EXERCISE DESCRIPTION: Search the entries below for "Delight Jewelry Acrylic". Give that line and all the lines after it again, exactly, through the last, without pictures.

GIVEN DATA:
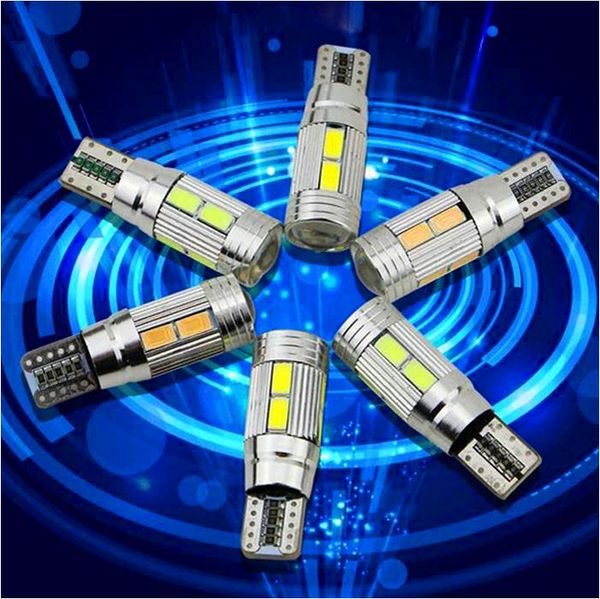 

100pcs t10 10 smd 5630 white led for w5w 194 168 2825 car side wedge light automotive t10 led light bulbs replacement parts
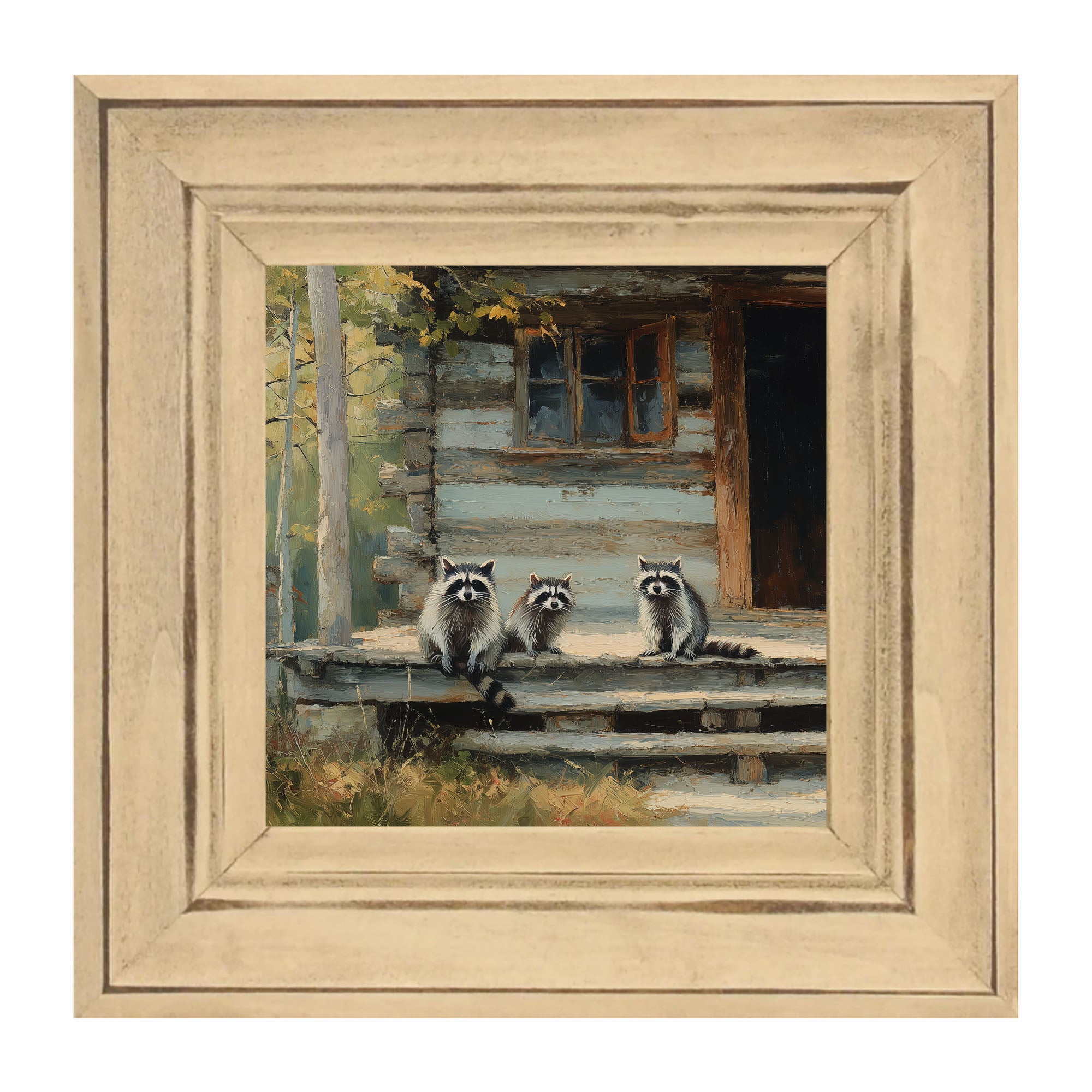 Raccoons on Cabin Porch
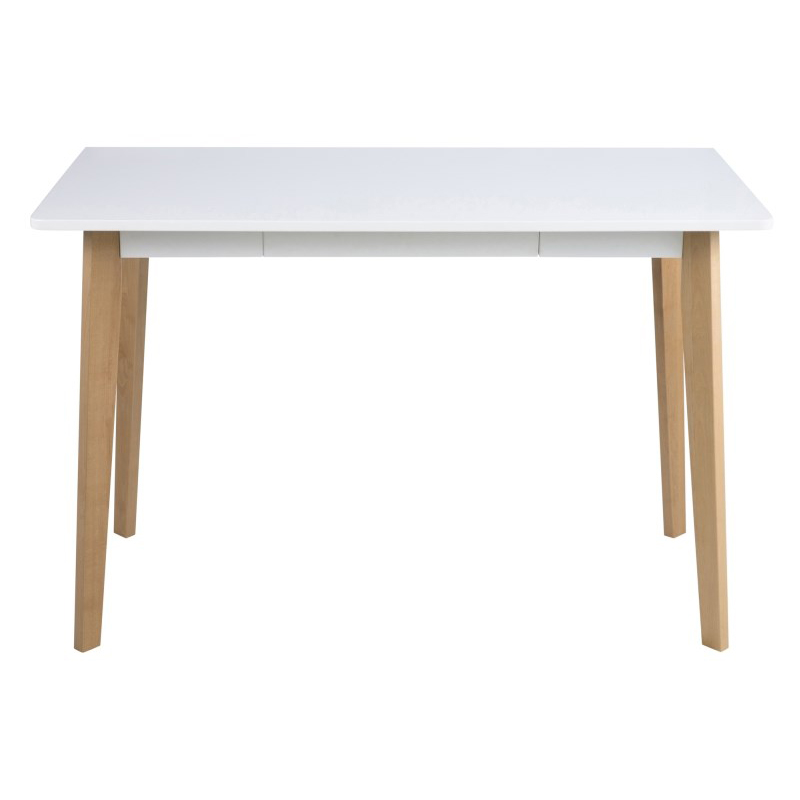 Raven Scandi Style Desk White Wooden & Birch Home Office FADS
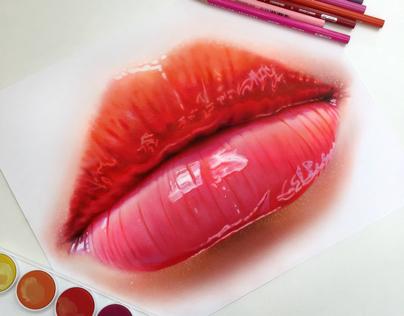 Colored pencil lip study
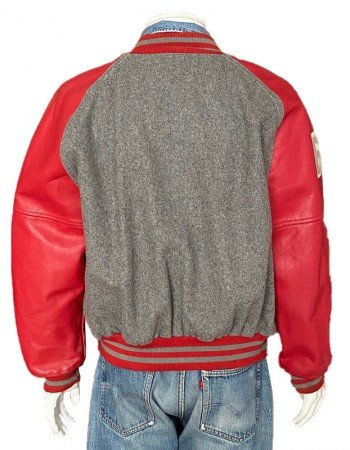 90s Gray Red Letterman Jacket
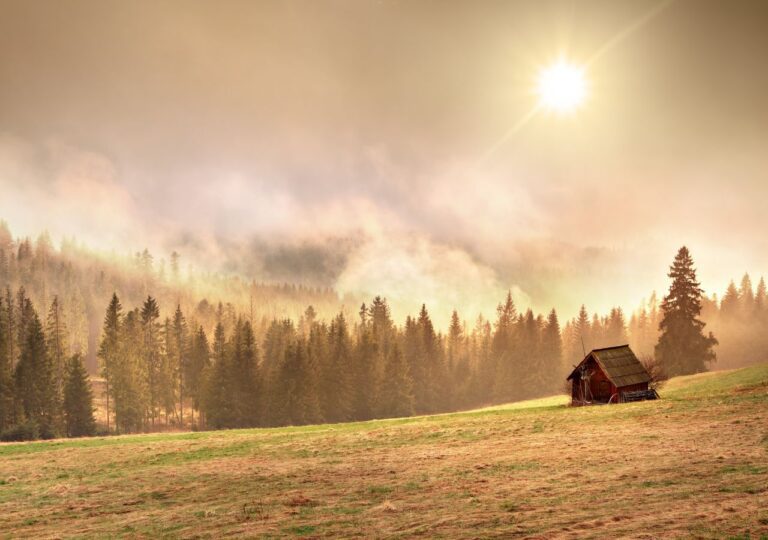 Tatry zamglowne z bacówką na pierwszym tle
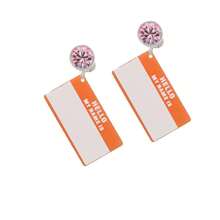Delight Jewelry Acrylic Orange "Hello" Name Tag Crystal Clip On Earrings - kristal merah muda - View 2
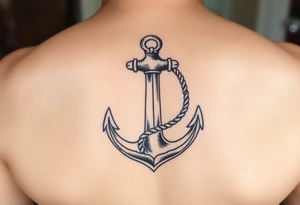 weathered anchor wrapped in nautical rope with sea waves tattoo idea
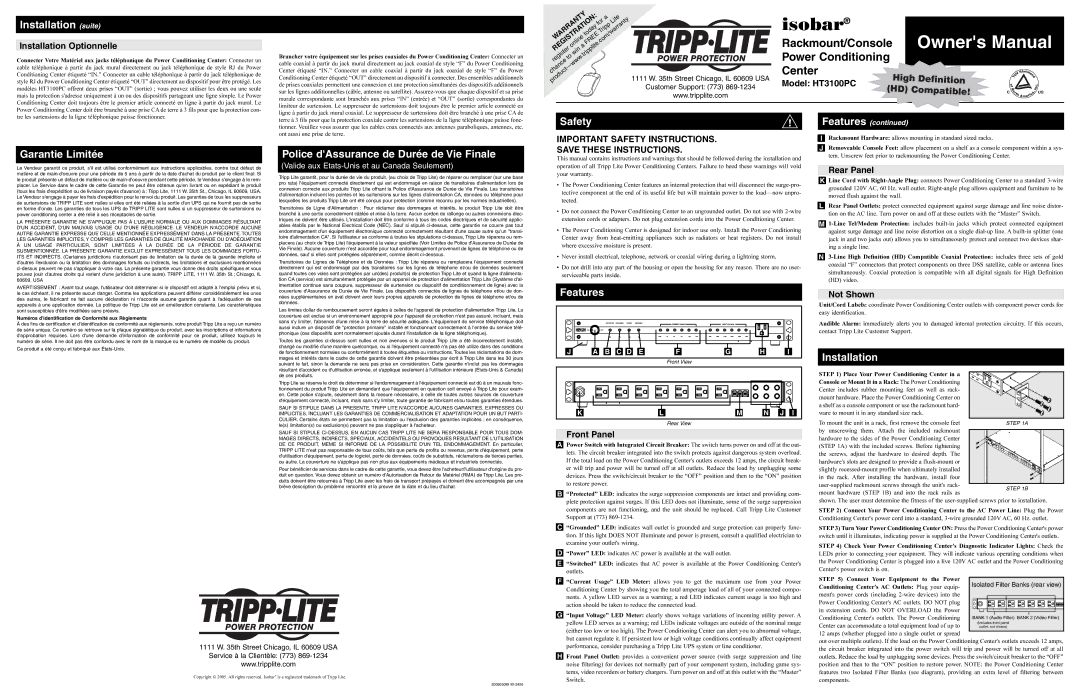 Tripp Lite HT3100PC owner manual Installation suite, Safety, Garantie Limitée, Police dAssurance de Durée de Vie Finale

THE COMPLETED TASK:
Delight Jewelry Acrylic Orange "Hello" Name Tag Crystal Clip On Earrings - kristal merah muda - View 2
 weathered anchor wrapped in nautical rope with sea waves tattoo idea
 Tripp Lite HT3100PC owner manual Installation suite, Safety, Garantie Limitée, Police dAssurance de Durée de Vie Finale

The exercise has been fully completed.